The former Renault F1 boss says the relationship between Webber and Sebastian Vettel can now not continue beyond this season.
The Italian believes Vettel’s decision to pass Webber and snatch the win at Sepang against team orders means the pair won’t work as a unit again this season, putting their title hopes in jeopardy.
“I think there’s no relationship anymore,” Briatore told RAI Radio. “It was already very formal beforehand between the two Red Bull drivers, that was very clear last year.
“I don’t think this relationship can be fixed. They are two professionals, they will win races and so on, but it’s unthinkable that Mark may help Vettel in the future and I don’t think Vettel will help Mark.
“So we’ll have two enemies inside a single team, and this will (probably) advantage Ferrari.”
Briatore said Webber would leave Red Bull at the end of this season “for sure”.
He also accused Red Bull boss Christian Horner of being “weak” for refusing to sanction Vettel.
“Their car is very competitive so drivers want to stay there, but (Sepang) was proof that no one is in charge at Red Bull.
“Vettel is the boss there. You can’t have a team manager also doing the driving.”
However former F1 driver, Gerhard Berger, said that a driver has to be “extremely selfish” to win a world championship and Vettel’s behaviour was nothing new.

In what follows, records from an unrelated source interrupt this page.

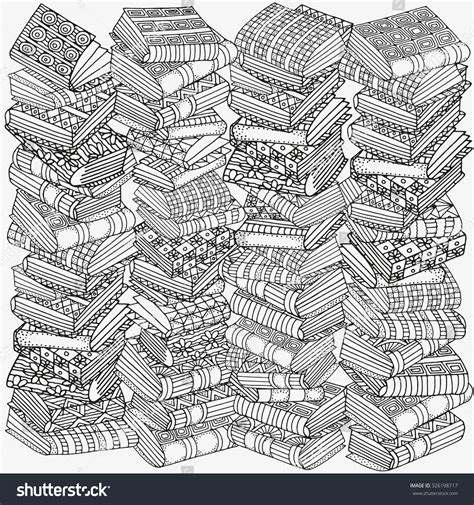 pattern coloring book artistic books bookshelf stock vector 326198717 shutterstock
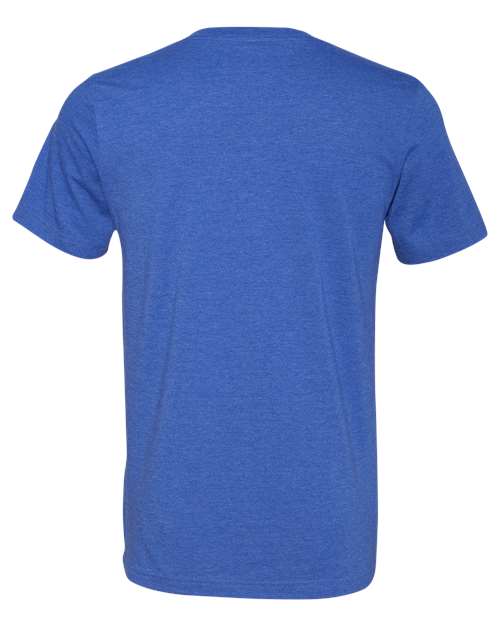 Unisex Heather CVC V-Neck Tee - Heather True Royal Back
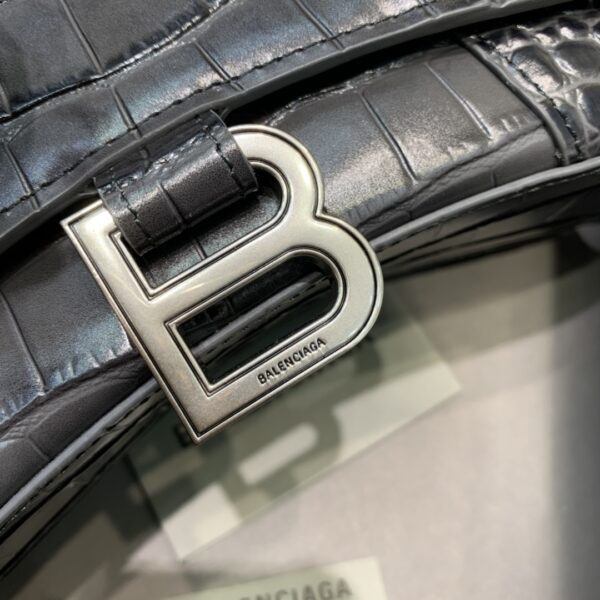 Balenciaga Hourglass XS Handbag In Dark Grey, For Women, Women's Bags 7.4in/19cm 5935461LR6Y1309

“If you remember back in history these things always happen,” he told BBC Radio Five Live.
“To be a race winner you need to be very, very talented but to be a world champion, or to be world champion three, four, five times, you need to be extremely selfish.
“These boys have such a big killing instinct. In these moments they are stressed by the situation, they just cannot follow their brain, they just do what their instincts are telling them.”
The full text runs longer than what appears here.